Además, veníamos del teatro neoclásico, sensato, didáctico, moral, verosímil, crítico y respetuoso con las normas, que apenas había conseguido triunfar sobre la pervivencia de un teatro barroco cada vez más degenerado, y ya tuvo que vérselas con las obras románticas, que como podéis imaginar estaban prácticamente en las antípodas de sus características y sus pretensiones.. Así que los estrenos de las primeras obras románticas se vieron inevitablemente envueltos en la polémica, por la división tajante e irreconciliable de crítica y público: o las aplaudían entusiasmados, o las abucheaban airados. Pero eso sí: no dejaban indiferente a nadie.

Los autores románticos hicieron un nuevo tipo de teatro, muy alejado de las comedias y tragedias neoclásicas, con características acordes a su ideología y sus gustos estéticos, lo que dio lugar a un nuevo género teatral conocido como “drama romántico” que se caracterizaba por:
  • Su intención: los autores románticos no pretenden instruir o educar al público, sino conmoverlo, tocar sus sentimientos.
  • Por y para ello, sus principales temas serán:
    • El amor, que aparece como un sentimiento apasionado e irrefrenable, que a menudo choca con las normas sociales (prohibido, clandestino...)
    • La muerte, el más allá, lo sobrenatural, el misterio.
    • El destino fatal que persigue a los protagonistas, contra el que no pueden luchar por mucho que lo intentan y que los lleva a un desenlace trágico.
    • Hay además un gusto por temas históricos y legendarios. 
  • Sus personajes principales serán el héroe (protagonista masculino: personaje marginal o enfrentado a la sociedad, misterioso, rebelde, cínico, apasionado…) y la heroína (protagonista femenina,bella, dulce, angelical, dispuesta a todo por amor...)
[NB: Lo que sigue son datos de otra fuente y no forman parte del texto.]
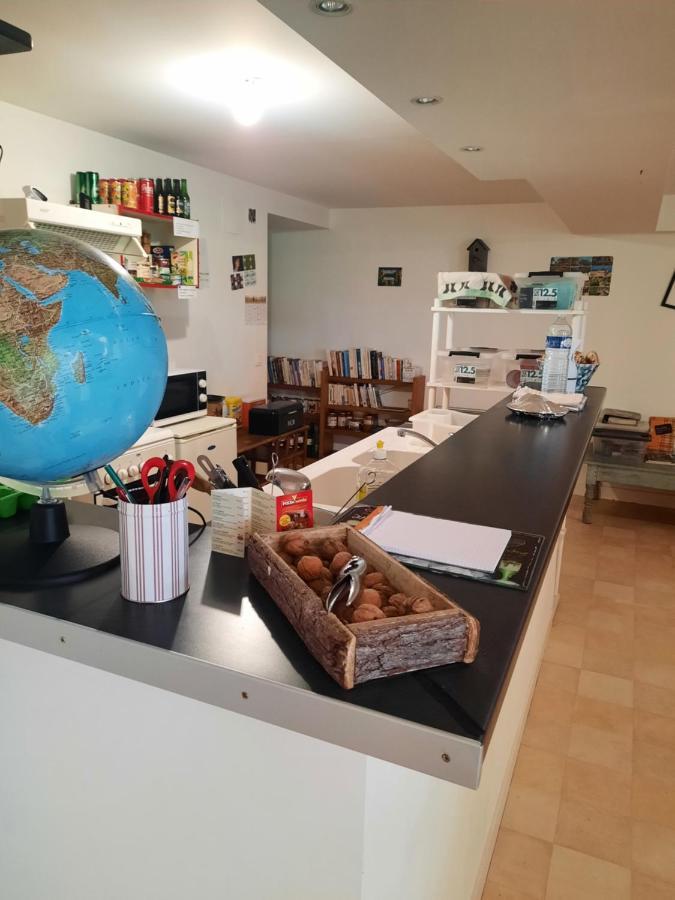 Les Coteaux De Planeze, Chambre Pour 2, 3 Ou Famille Nombreuse 2 Adultes 5 Enfants Et Jeunes Belmont-Bretenoux Экстерьер фото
  • Los románticos van preocuparse mucho por la escenografía (decorados, ambientación, vestuario, música) aspecto que cuidan mucho en sus obras para que resulte impactante, impresionante, sobrecogedora, contribuyendo así a conmover al espectador. En estas obras se producen continuos cambios de escenario, y predominan los lugares lúgubres, misteriosos (cementerios, la noche...), los  lugares históricos (monasterios, castillos, ruinas...), los lugares típicos o pintorescos (fondas, mercados, tabernas...) o naturaleza impactante, salvaje o misteriosa (acantilados, grutas, etc.) 
  • En cuanto al estilo, se produce una  ruptura total  de normas clásicas: mezcla de lo cómico y lo trágico, la prosa y el verso, estrofas distintas, versos  de distinta medida…. 
  • Es muy frecuente el uso de un lenguaje grandilocuente, declamatorio, rimbombante, para enfatizar sentimientos y situaciones extremas.

Los principales autores y obras y obras serán Ángel Saavedra, Duque de Rivas, con una de las obras prototípicas de este nuevo teatro ya desde el título: Don Álvaro o la fuerza del sino.   También Juan Antonio Hartzensbuch, que convirtió en drama una leyenda medieval aragonesa,  Los amantes de Teruel. José Zorrilla, por su parte, se basará en un personaje del teatro barroco y lo convertirá en personaje arquetípico y universal en su  Don Juan Tenorio,  y Antonio García Gutiérrez se basará en otra conocida leyenda medieval también aragonesa para escribir un drama romántico delicioso que tituló El trovador, que se sitúa principalmente en una torre de planta rectangular del Palacio de la Aljafería y sobre la que Verdi escribiría su famosa ópera del mismo título. Sobre esta historia (la de un trovador encerrado hasta la muerte por el marido de la dama de la que estaba enamorado) escribió Larra también su tragedia Macías y su novela El doncel de D. Enrique el Doliente.